NASA/JPL/Caltech/University of Arizona
Phoenix has now returned a couple very detailed panoramic photos of the Martian landscape around the lander. The images are large and and will require a couple minutes to display but oh, are they worth the wait. You’ll almost feel like an astronaut or geologist as you use your mouse to explore scene one and scene two. Notice the low range of hills in the second image. They’re likely the upraised rim of a crater.
We have rain today and rain tomorrow. I’m happy for rain and the two atoms that compose the water in all those drops. Hydrogen and oxygen. Think for a minute about the origin of those elements. Hydrogen makes up about 75% of all the known matter in the universe, and was created some 13.7 billion years ago in the Big Bang. Hydrogen, with just one proton and one electron, came out the hot mix with ease.

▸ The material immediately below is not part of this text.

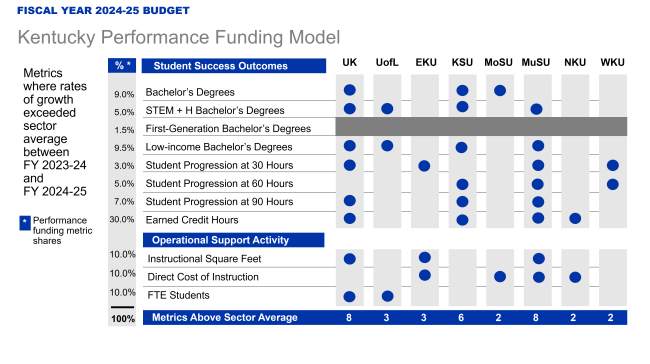 2024-25 performance funding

Oxygen is more complicated. It has eight protons and eight electrons. It had to be cooked up later in the cores of stars, where hydrogen and helium fuse together under the star’s tremendous heat and pressure to create heavier elements like carbon, oxygen, neon and many more.
During the formation of the solar system from a cloud of gas and dust 4.7 billion years ago, hydrogen and oxygen happily combined to form water molecules. Almost five billion years later, you and I rush to our cars to avoid getting soaked by the rain.
Next time you’re hurrying in the rain, consider the epic journey all those hydrogen and oxygen atoms have been on since the dawn of time. And slow down a little.
Astro Bob’s vision of the Big Bang — dang hot!